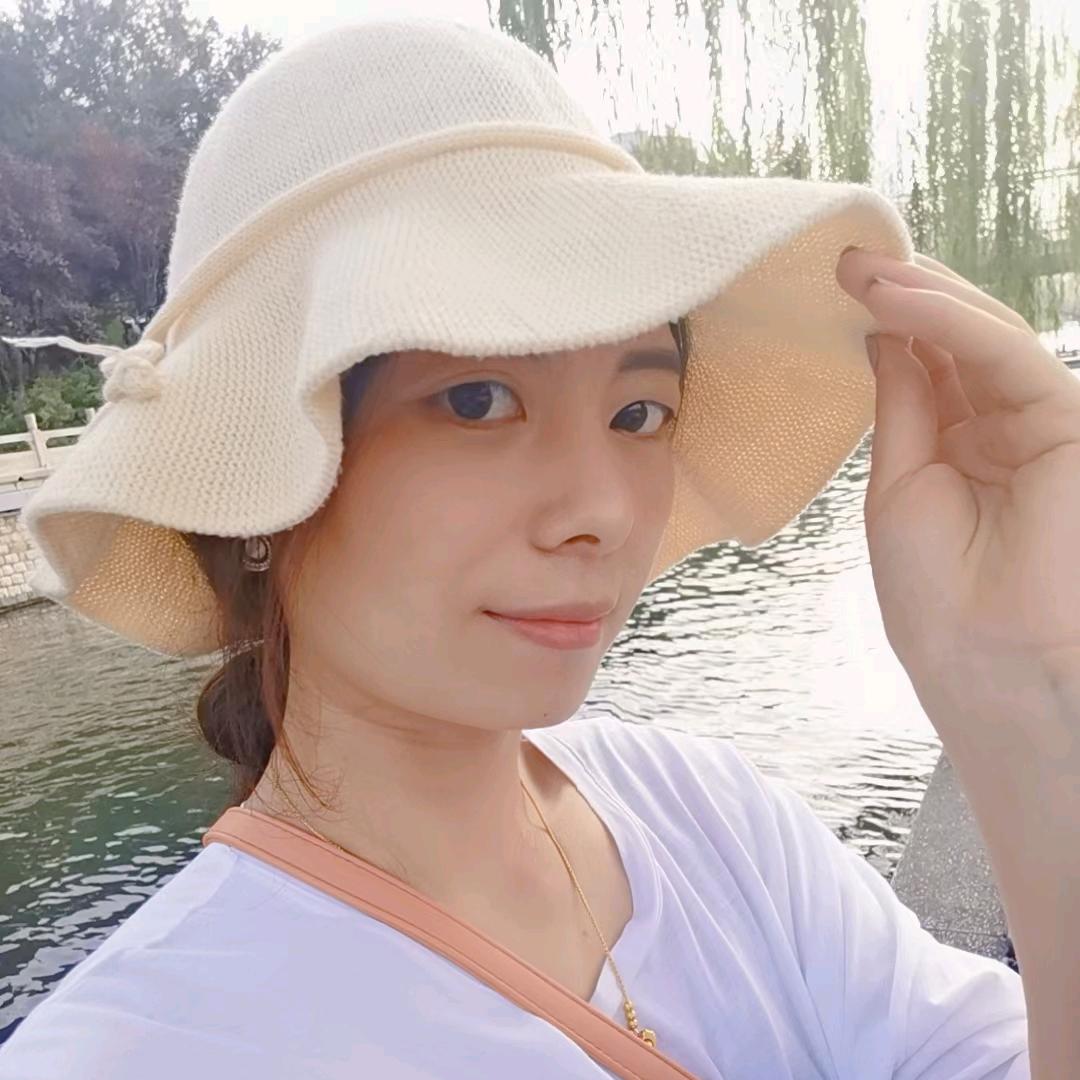 是盼盼呀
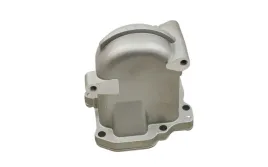 wymiennik-ciepla-egr-citroen-berlingo-08-1-6-hdi-115-10-
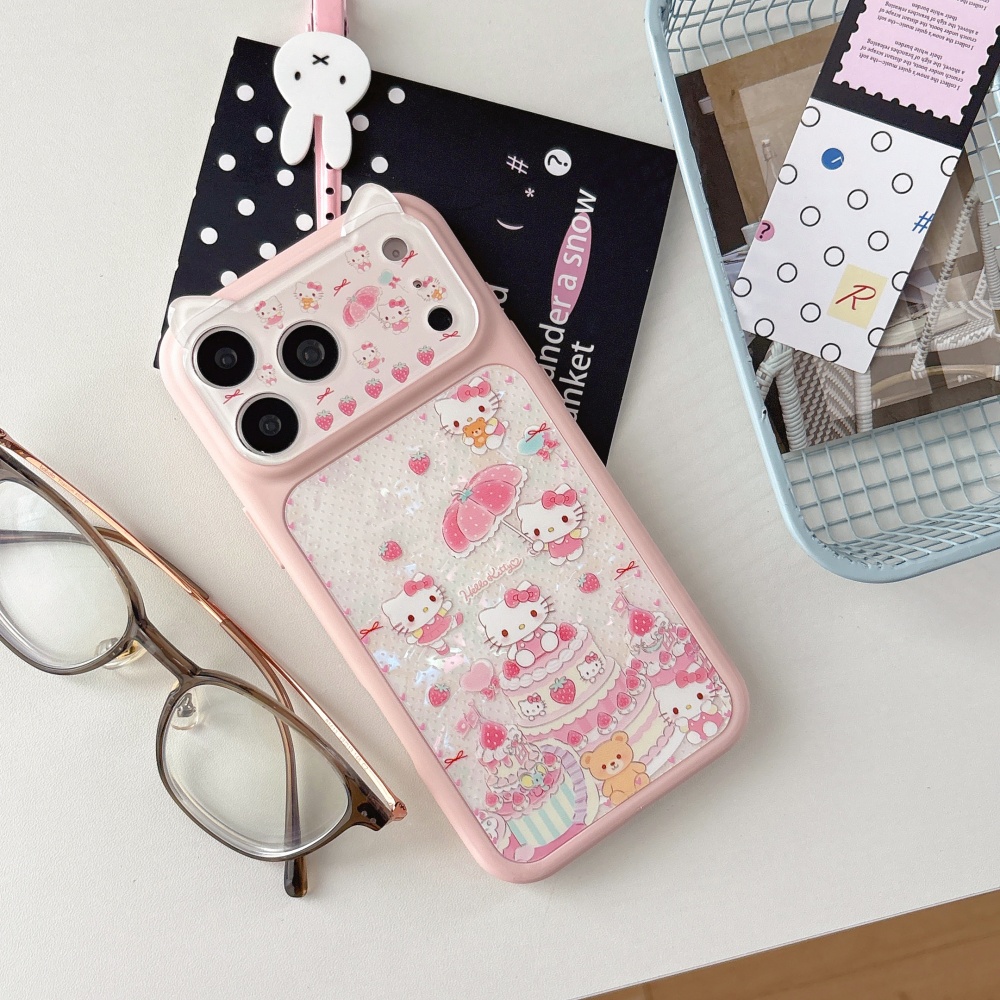 Luxury Cute Ruijian Strawberry - Strawberry Huller reseña y precio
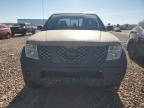 2008 Nissan Frontier King Cab Le for Sale in Phoenix, AZ - Front End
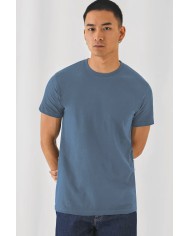 T-shirt homme Personnalisé B&C Collection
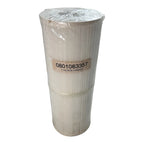 5 Micron Filter Element for HRO/Sea Recovery (0801063357)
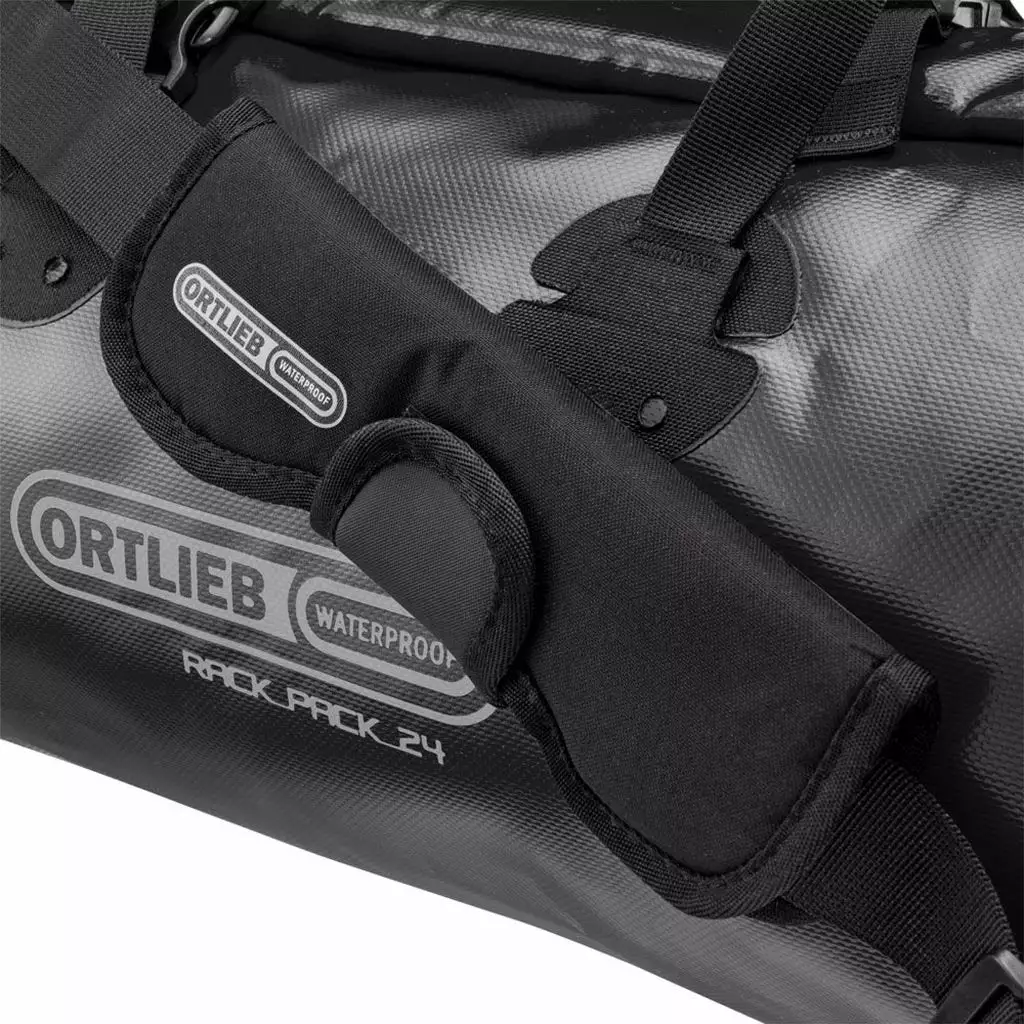 ORTLIEB Rack Pack 24L 6 ORTLIEB Rack Pack 24L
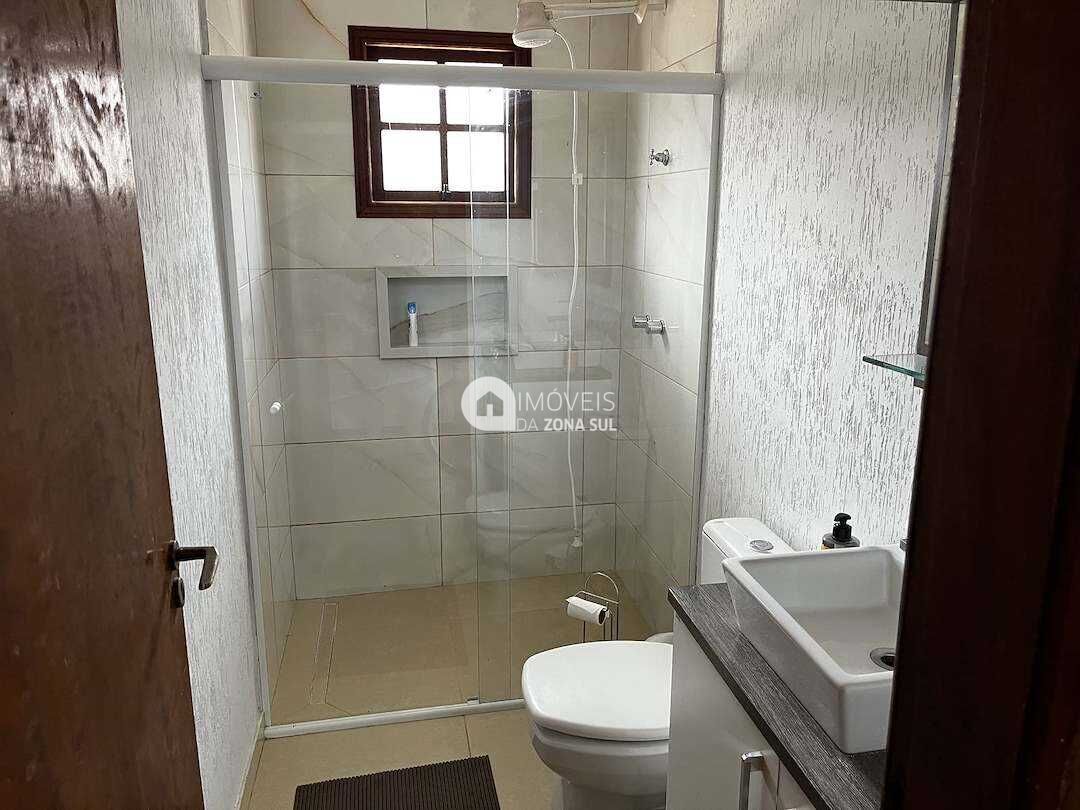 Casa, 3 quartos, 16437 m² - Foto 8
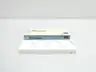 BOX OF 100 FISHER SCIENTIFIC 9-874-14 BINDER-FREE GLASS MICROFIBER FILTERS thumbnail 1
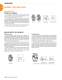 Engineering - TIMKEN Europe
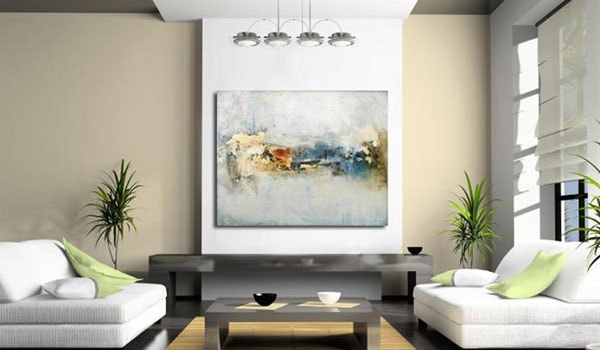 Tiêu tiền trong giới có tiền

## Exercise
The line with "Casa, 3 quartos, 16437 m² - Foto 8" and each line after it, through the final line of the data, are to be duplicated exactly, with pictures left out and nothing more included.

## Answer section
 Casa, 3 quartos, 16437 m² - Foto 8
 BOX OF 100 FISHER SCIENTIFIC 9-874-14 BINDER-FREE GLASS MICROFIBER FILTERS thumbnail 1
 Engineering - TIMKEN Europe
 Tiêu tiền trong giới có tiền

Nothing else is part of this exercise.